No sé si le pasa a todo el mundo, pero
yo sí recuerdo cuando empecé a interesarme por la música clásica
(o culta, como se prefiera). Supongo que, como todos los europeos
nacidos más tarde de, pongamos, 1950, la música popular (pop, rock
y todas sus variantes) fue la primera música que un servidor
escuchó; desde luego, por lado familiar no había influencia
ninguna, ni buena ni mala (es decir, mala). Pero, teniendo yo unos
doce añitos (sí, muy tarde, tristemente) en clase de música, el
profesor nos puso una audición un tanto chapucera (supongo que en
mono o en un estéreo portátil) del Preludio a la siesta de un
fauno de Debussy. Fuera por la
hora de la clase (la tarde, propicia para la siesta), por la cercanía
de comportamiento entre chicos de doce años y animales salvajes o
por la desidia a la que llevaba aquel sistema educativo (y todos), lo
cierto es que la mayor parte de la clase sesteó aquella hora. ¿Y
yo? No, yo no. No presumo de tener una sensibilidad musical especial,
pero sí una sensibilidad hacia la belleza, especialmente artística,
pero no sólo, y así emocionarme ante un poema, una pieza musical,
una obra pictórica, pero también ante un amanecer o una sonrisa
bonita... Parecerá poca cosa, pero si todos los habitantes de este
planeta fueran así, no estaríamos como estamos.
Claude Debussy. Imagen tomada de Wikimedia Commons
Aquel profesor tuvo el gran acierto de escoger una obra de duración corta, fácilmente entendible y no farragosa para ponérsela a chicos de doce años, pero también tuvo el acierto de explicar el poema sinfónico, la capacidad que éste tiene de describir una escena mediante la música, de despertar sensaciones, de hacer volar, en definitiva, la imaginación. Felizmente, aquel día estaba yo receptivo y, gracias a la sensibilidad a la que antes me refería, sufrí una auténtica revelación. Para ser sincero, el profesor, del cual guardo un excelente recuerdo por otra parte, falló al no referir al poema de Mallarmé que inspiró a Debussy; de hecho, sustituyó el fauno por un león, las ninfas por insectos, y las laderas del volcán Etna por la sabana africana. No sé, prefiero pensar que trató de hacer más asequible la audición para unos niños poco predispuestos a dejarse inundar por algo que no fuera la somnolencia a aquellas horas de la tarde. Pero, al margen de la mala calidad de la audición o de los errores interpretativos, para mí escuchar el Preludio a la siesta de un fauno fue una experiencia inmersiva: me sacó de aquella aula que apestaba a sudor adolescente y me sumergió en una escena propia de un documental de naturaleza... me evadí, en definitiva.
No sé cuantos centenares de veces habré vuelto a escuchar esta pieza, y siempre consigue retrotraerme a la infancia, a una época tal vez un poco más feliz, con menos inseguridades y problemas... me evado, en definitiva.
Bedrich Smetana. Imagen tomada de Wikimedia Commons.
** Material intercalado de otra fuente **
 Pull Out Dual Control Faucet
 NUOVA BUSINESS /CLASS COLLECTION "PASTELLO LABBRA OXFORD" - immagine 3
Pero lo mejor de aquella tarde fue la curiosidad, el interés que despertó en mí, y que me llevó a buscar por mi cuenta algo más sobre Debussy y los poemas sinfónicos. Dado que en mi casa sólo se escuchaba música pop por parte de mi hermana, marchas militares por parte de mi padre y... nada por parte de mi madre, no resultó fácil investigar sobre este tipo de música culta, pero aun así conseguí encontrar más poemas sinfónicos, especialmente uno que elevó a lo más alto esa categoría musical: El Moldava de Smetana. El Moldava es una de esas obras que, en una sociedad no belicista, consiguieran aunar a la población en una idea que podría tener algo que ver con la pertenencia a un territorio (y no como se hace habitualmente, basado en chovinismo, mitos inverosímiles y patrioterismos infantiles). Es una obra sencilla pero apasionante, que describe con una rigurosidad ese río centroeuropeo hasta el punto de conocerlo sin haber estado nunca junto a sus orillas.
Y, luego, están obras apabullantes como Las Hébridas de Mendelssohn y todos los poemas sinfónicos de Liszt, verdaderas adaptaciones musicales de obras literarias. Para gente como quien escribe, que disfruta tanto de la literatura como de la música, los poemas sinfónicos constituyen una convergencia extraordinaria que nos permite disfrutar simultáneamente de dos de nuestras principales querencias.